:: Exercise material
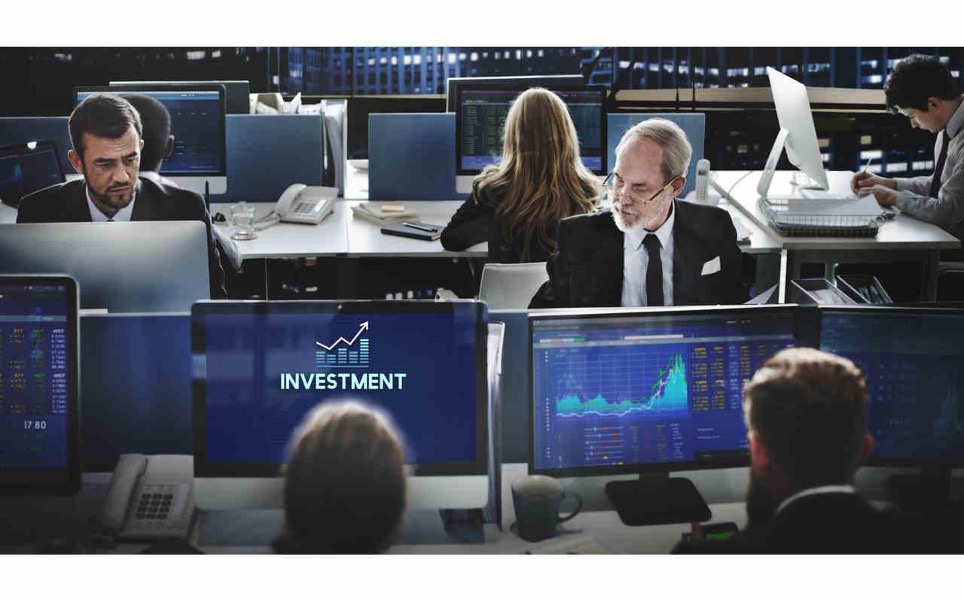 Vivre de la bourse capital nécessaire et stratégies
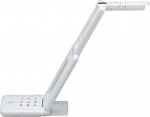 Elmo MX-P3 - Digital document camera - Farbe - 13.000.000 Pixel - 4160 x 3120 - 1300 TVL - Audio - RGB, HDMI - USB 2.0 - MJPEG, YUY2 - Gleichstrom 5 V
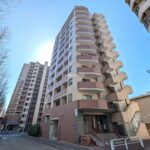 ルピナス大山グランドタワーｉステージ　外観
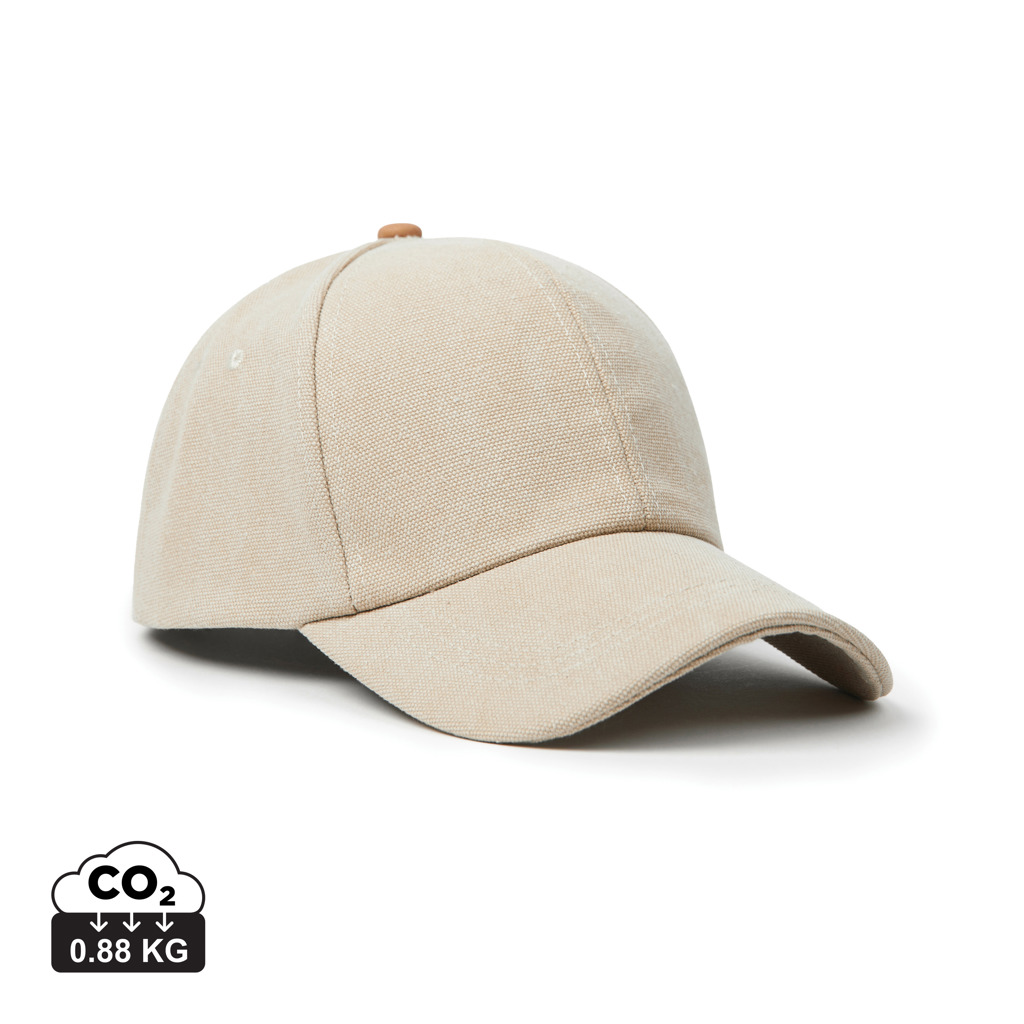 VINGA Bosler AWARE™ Canvas-Kappe – Bild 4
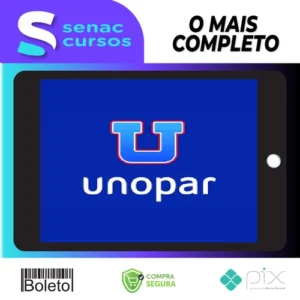 Gestão de Projetos - Universidade Pitágoras Unopar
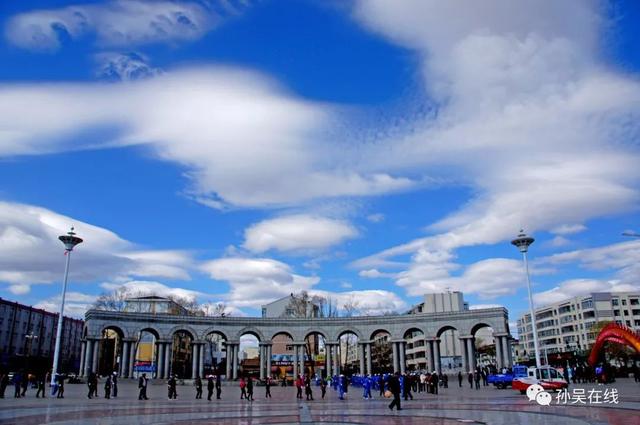 【文艺之窗】孙吴县摄影达人展播(六)_黑河市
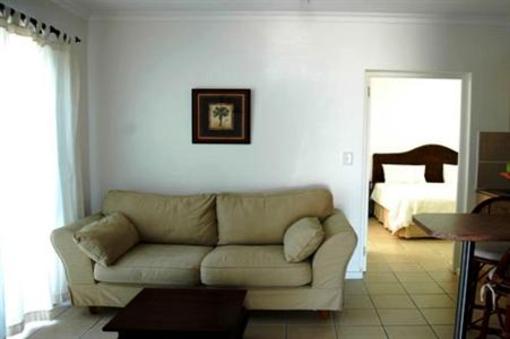 фото отеля Secret Garden Guesthouse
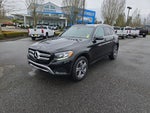 2019 Mercedes-Benz GLC 300 4MATIC®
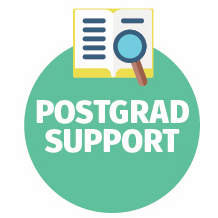 Higher Degrees by Research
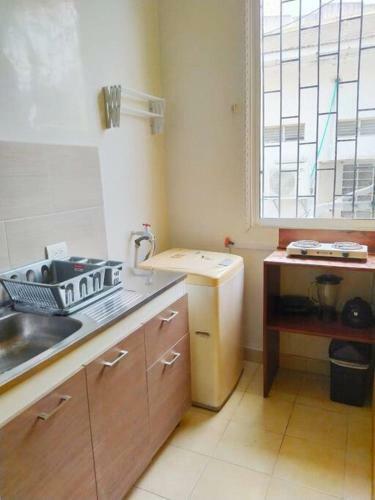Apartamento Centro Hist�rico 303-2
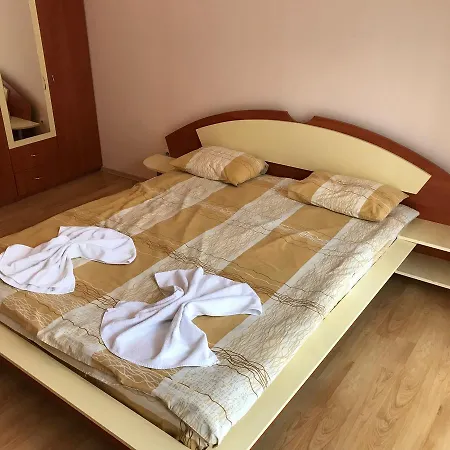 Predela Nadezhda * Banszko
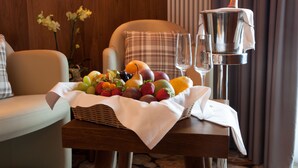 Suite | Room amenity - Alexander Charme Hotel (Livigno)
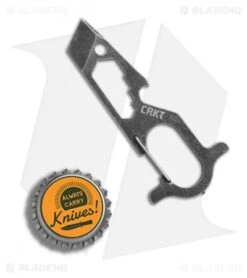 CRKT Pryma Pocket Tool Keychain 9011 -CRKT CRKT Pryma Pocket Tool Keychain 9001 BHQ 76696 er bottlecap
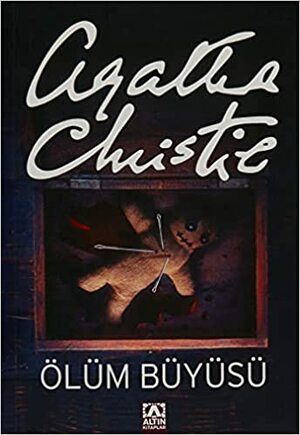 Ölüm Büyüsü by Agatha Christie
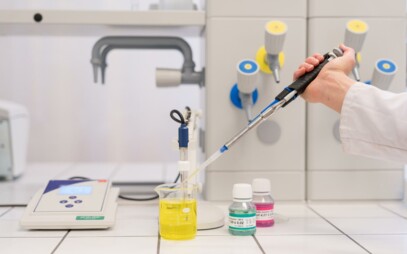 Ještě není pozdě! Přihlaš se ke studiu na FCH VUT – 2. kolo do 31. 7. 2025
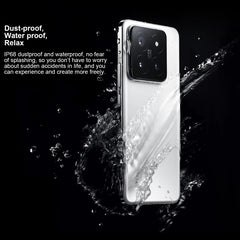 Xiaomi 14 Pro, 6,73 pulgadas Xiaomi HyperOS ...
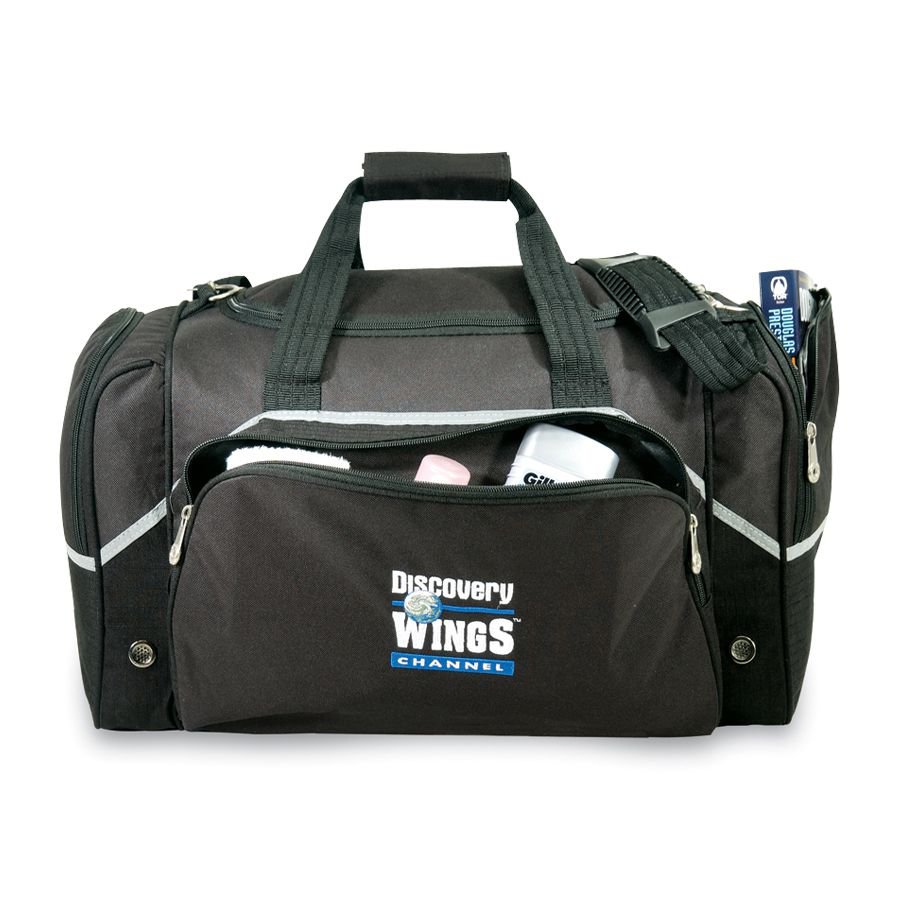 Phoenix Sport Duffel Bag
::::
• [Brief]: Would you set down, word for word, the lines running from the one that contains "Ölüm Büyüsü by Agatha Christie" to the last line of the material, omitting all pictures?

• [Response below]:
 Ölüm Büyüsü by Agatha Christie
 Ještě není pozdě! Přihlaš se ke studiu na FCH VUT – 2. kolo do 31. 7. 2025
 Xiaomi 14 Pro, 6,73 pulgadas Xiaomi HyperOS ...
 Phoenix Sport Duffel Bag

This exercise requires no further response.